Problem to work on: Print out all of the data below, keeping it identical to the original.

Segment Start: Information shown

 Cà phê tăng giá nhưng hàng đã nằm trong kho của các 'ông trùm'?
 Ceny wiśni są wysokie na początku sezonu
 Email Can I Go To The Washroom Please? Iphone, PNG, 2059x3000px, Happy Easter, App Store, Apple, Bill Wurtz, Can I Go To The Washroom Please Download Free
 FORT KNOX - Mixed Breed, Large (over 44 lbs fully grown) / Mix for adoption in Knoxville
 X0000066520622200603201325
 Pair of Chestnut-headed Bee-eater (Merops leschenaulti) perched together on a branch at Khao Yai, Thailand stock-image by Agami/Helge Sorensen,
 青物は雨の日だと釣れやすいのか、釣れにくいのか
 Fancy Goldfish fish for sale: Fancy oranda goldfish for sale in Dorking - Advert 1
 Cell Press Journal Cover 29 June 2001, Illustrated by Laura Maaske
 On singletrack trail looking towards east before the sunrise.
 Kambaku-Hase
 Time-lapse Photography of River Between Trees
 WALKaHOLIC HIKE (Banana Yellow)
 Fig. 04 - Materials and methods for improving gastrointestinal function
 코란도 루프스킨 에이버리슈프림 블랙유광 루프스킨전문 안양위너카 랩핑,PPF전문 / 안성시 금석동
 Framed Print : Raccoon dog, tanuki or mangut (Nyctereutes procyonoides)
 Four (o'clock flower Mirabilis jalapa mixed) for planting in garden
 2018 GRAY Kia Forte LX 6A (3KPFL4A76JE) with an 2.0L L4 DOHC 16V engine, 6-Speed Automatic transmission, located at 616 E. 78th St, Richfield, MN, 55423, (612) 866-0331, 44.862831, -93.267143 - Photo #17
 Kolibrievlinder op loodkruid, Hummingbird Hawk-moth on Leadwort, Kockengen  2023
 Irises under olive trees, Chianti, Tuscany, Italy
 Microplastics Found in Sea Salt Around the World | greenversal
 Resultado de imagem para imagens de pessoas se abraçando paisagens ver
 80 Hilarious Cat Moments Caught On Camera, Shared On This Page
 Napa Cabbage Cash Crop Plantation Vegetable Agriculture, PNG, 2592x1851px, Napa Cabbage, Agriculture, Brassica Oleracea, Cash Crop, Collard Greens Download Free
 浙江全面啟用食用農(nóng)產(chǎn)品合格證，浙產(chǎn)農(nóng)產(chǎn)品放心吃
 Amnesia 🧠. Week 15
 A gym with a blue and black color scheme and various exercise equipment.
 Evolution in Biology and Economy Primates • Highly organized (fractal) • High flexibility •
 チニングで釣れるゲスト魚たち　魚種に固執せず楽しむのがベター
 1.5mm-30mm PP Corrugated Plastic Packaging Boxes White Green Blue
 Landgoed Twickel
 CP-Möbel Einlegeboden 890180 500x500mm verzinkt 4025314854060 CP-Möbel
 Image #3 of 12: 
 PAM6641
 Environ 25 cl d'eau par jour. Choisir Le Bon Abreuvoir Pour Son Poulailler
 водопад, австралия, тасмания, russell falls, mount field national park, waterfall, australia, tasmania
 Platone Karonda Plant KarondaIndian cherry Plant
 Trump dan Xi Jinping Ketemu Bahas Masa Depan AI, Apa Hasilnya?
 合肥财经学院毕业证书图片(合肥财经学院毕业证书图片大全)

Segment End: Information shown

Answer to the problem:
 Cà phê tăng giá nhưng hàng đã nằm trong kho của các 'ông trùm'?
 Ceny wiśni są wysokie na początku sezonu
 Email Can I Go To The Washroom Please? Iphone, PNG, 2059x3000px, Happy Easter, App Store, Apple, Bill Wurtz, Can I Go To The Washroom Please Download Free
 FORT KNOX - Mixed Breed, Large (over 44 lbs fully grown) / Mix for adoption in Knoxville
 X0000066520622200603201325
 Pair of Chestnut-headed Bee-eater (Merops leschenaulti) perched together on a branch at Khao Yai, Thailand stock-image by Agami/Helge Sorensen,
 青物は雨の日だと釣れやすいのか、釣れにくいのか
 Fancy Goldfish fish for sale: Fancy oranda goldfish for sale in Dorking - Advert 1
 Cell Press Journal Cover 29 June 2001, Illustrated by Laura Maaske
 On singletrack trail looking towards east before the sunrise.
 Kambaku-Hase
 Time-lapse Photography of River Between Trees
 WALKaHOLIC HIKE (Banana Yellow)
 Fig. 04 - Materials and methods for improving gastrointestinal function
 코란도 루프스킨 에이버리슈프림 블랙유광 루프스킨전문 안양위너카 랩핑,PPF전문 / 안성시 금석동
 Framed Print : Raccoon dog, tanuki or mangut (Nyctereutes procyonoides)
 Four (o'clock flower Mirabilis jalapa mixed) for planting in garden
 2018 GRAY Kia Forte LX 6A (3KPFL4A76JE) with an 2.0L L4 DOHC 16V engine, 6-Speed Automatic transmission, located at 616 E. 78th St, Richfield, MN, 55423, (612) 866-0331, 44.862831, -93.267143 - Photo #17
 Kolibrievlinder op loodkruid, Hummingbird Hawk-moth on Leadwort, Kockengen  2023
 Irises under olive trees, Chianti, Tuscany, Italy
 Microplastics Found in Sea Salt Around the World | greenversal
 Resultado de imagem para imagens de pessoas se abraçando paisagens ver
 80 Hilarious Cat Moments Caught On Camera, Shared On This Page
 Napa Cabbage Cash Crop Plantation Vegetable Agriculture, PNG, 2592x1851px, Napa Cabbage, Agriculture, Brassica Oleracea, Cash Crop, Collard Greens Download Free
 浙江全面啟用食用農(nóng)產(chǎn)品合格證，浙產(chǎn)農(nóng)產(chǎn)品放心吃
 Amnesia 🧠. Week 15
 A gym with a blue and black color scheme and various exercise equipment.
 Evolution in Biology and Economy Primates • Highly organized (fractal) • High flexibility •
 チニングで釣れるゲスト魚たち　魚種に固執せず楽しむのがベター
 1.5mm-30mm PP Corrugated Plastic Packaging Boxes White Green Blue
 Landgoed Twickel
 CP-Möbel Einlegeboden 890180 500x500mm verzinkt 4025314854060 CP-Möbel
 Image #3 of 12: 
 PAM6641
 Environ 25 cl d'eau par jour. Choisir Le Bon Abreuvoir Pour Son Poulailler
 водопад, австралия, тасмания, russell falls, mount field national park, waterfall, australia, tasmania
 Platone Karonda Plant KarondaIndian cherry Plant
 Trump dan Xi Jinping Ketemu Bahas Masa Depan AI, Apa Hasilnya?
 合肥财经学院毕业证书图片(合肥财经学院毕业证书图片大全)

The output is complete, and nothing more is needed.